En este momento estás viendo Detectan por primera vez una atmósfera en un planeta rocoso similar a la Tierra
  • Categoría de la entrada:Ciencia / Divulgación
  • Tiempo de lectura:2 minutos de lectura

Un equipo internacional de astrónomos logró un hito histórico al detectar por primera vez una atmósfera en un planeta rocoso ubicado dentro de la zona habitable de otra estrella. El descubrimiento, realizado sobre el exoplaneta LHS 1140 b, representa uno de los avances más importantes en la búsqueda de mundos con condiciones potencialmente favorables para la vida fuera del Sistema Solar.

El hallazgo fue posible gracias a observaciones realizadas con instrumentos de alta precisión, que permitieron identificar señales de helio escapando de la atmósfera del planeta.

LHS 1140 b se encuentra a unos 40 años luz de la Tierra y fue descubierto en 2017. Se trata de un planeta rocoso de mayor tamaño que el nuestro, ubicado en la denominada zona habitable, la región alrededor de una estrella donde las temperaturas podrían permitir la existencia de agua líquida en la superficie.

Hasta ahora, los científicos habían detectado atmósferas principalmente en gigantes gaseosos o en exoplanetas extremadamente calientes. En cambio, obtener evidencia de una atmósfera en un planeta rocoso con características similares a la Tierra constituye un avance sin precedentes para la astronomía.
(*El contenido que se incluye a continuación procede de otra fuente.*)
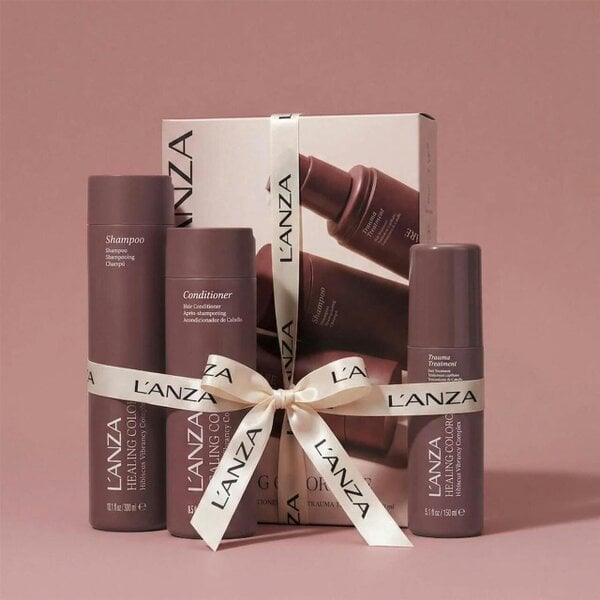 L'Anza Healing ColorCare Set - Shampoo, Conditioner + FREE Trauma Treatment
Los investigadores observaron una firma espectral compatible con helio en las capas superiores de la atmósfera. Además, detectaron que la intensidad de esa señal varió entre distintas observaciones, lo que sugiere que la atmósfera experimenta procesos dinámicos y que parte de sus gases escapan al espacio de forma periódica.

Los especialistas aclaran que este descubrimiento no significa que se haya encontrado vida ni que el planeta sea habitable. Sin embargo, confirma que algunos mundos rocosos pueden conservar una atmósfera durante largos períodos, un requisito considerado fundamental para mantener condiciones compatibles con la vida tal como se conoce en la Tierra.

El hallazgo abre una nueva etapa en el estudio de exoplanetas. Con futuras observaciones del telescopio espacial James Webb y de otros instrumentos de próxima generación, los científicos esperan analizar con mayor detalle la composición de estas atmósferas y buscar moléculas que puedan ofrecer pistas sobre la existencia de procesos biológicos o ambientes potencialmente habitables.